Overlapping community detection via Layer-Jaccard similarity incorporated nonnegative matrix factorization

Abstract

As information modernization progresses, the connections between entities become more elaborate, forming more intricate networks. Consequently, the emphasis on community detection has transitioned from discerning disjoint communities towards the identification of overlapping communities. A variety of algorithms based on the sparse adjacency matrix, which are sensitive to edge connections, are suitable for detecting edge-sparse areas between overlapping communities but lack the ability to detect edge-dense areas within the overlapping communities.

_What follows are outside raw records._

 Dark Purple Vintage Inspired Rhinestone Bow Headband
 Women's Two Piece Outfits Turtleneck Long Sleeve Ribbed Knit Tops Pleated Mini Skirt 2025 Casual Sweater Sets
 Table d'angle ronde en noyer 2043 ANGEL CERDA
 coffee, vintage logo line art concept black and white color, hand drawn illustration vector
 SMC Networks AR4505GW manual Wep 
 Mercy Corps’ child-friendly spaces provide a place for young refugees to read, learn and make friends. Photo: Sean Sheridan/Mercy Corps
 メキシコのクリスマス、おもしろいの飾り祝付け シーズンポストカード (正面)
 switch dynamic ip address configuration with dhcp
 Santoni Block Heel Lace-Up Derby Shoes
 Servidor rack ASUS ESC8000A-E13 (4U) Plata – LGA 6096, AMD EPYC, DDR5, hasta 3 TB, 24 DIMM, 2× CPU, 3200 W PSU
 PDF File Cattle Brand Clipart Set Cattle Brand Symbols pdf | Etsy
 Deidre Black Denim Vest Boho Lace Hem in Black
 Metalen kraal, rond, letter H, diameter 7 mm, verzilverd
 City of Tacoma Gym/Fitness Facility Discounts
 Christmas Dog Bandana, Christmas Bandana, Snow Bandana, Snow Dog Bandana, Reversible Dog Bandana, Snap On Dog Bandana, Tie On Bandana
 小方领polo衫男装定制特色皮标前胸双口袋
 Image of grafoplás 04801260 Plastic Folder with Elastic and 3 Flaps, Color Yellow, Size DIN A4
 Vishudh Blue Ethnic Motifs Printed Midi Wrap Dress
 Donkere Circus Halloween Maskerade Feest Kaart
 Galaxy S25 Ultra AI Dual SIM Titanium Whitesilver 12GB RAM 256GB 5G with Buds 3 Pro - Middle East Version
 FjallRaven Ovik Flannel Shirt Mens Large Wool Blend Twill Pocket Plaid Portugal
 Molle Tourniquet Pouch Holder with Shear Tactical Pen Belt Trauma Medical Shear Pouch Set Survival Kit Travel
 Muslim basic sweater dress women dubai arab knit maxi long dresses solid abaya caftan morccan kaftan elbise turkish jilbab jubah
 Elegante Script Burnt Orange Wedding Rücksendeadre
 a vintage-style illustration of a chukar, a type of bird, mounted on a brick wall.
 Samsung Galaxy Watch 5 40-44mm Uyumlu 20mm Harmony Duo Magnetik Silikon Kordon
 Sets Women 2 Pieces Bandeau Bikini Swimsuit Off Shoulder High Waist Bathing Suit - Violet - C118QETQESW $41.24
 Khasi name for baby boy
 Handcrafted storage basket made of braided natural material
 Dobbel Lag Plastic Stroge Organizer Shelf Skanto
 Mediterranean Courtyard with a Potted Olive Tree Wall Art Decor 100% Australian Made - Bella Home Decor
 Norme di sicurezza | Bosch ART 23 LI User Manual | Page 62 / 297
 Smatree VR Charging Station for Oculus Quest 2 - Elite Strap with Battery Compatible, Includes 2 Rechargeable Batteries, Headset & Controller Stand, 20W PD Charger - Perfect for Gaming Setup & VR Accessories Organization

Additionally, most algorithms do not take into account multihop information. To mitigate the aforementioned limitations, we propose an innovative approach termed Layer-Jaccard similarity incorporated nonnegative matrix factorization (LJSINMF), which utilizes both the adjacency matrix and the Layer-Jaccard similarity matrix. Our method initially employs a newly proposed Onion-shell method to decompose the network into layers. Subsequently, the layer of each node is used to construct a Layer-Jaccard similarity matrix, which facilitates the identification of edge-dense areas within the overlapping communities and serves as a general approach for enhancing other nonnegative matrix factorization-based algorithms. Ultimately, we integrate the adjacency matrix and the Layer-Jaccard similarity matrix into the nonnegative matrix factorization framework to determine the node-community membership matrix. Moreover, integrating the Layer-Jaccard similarity matrix into other algorithms is a promising approach to enhance their performance. Comprehensive experiments have been conducted on real-world networks and the results substantiate that the LJSINMF algorithm outperforms most state-of-the-art baseline methods in terms of three evaluation metrics.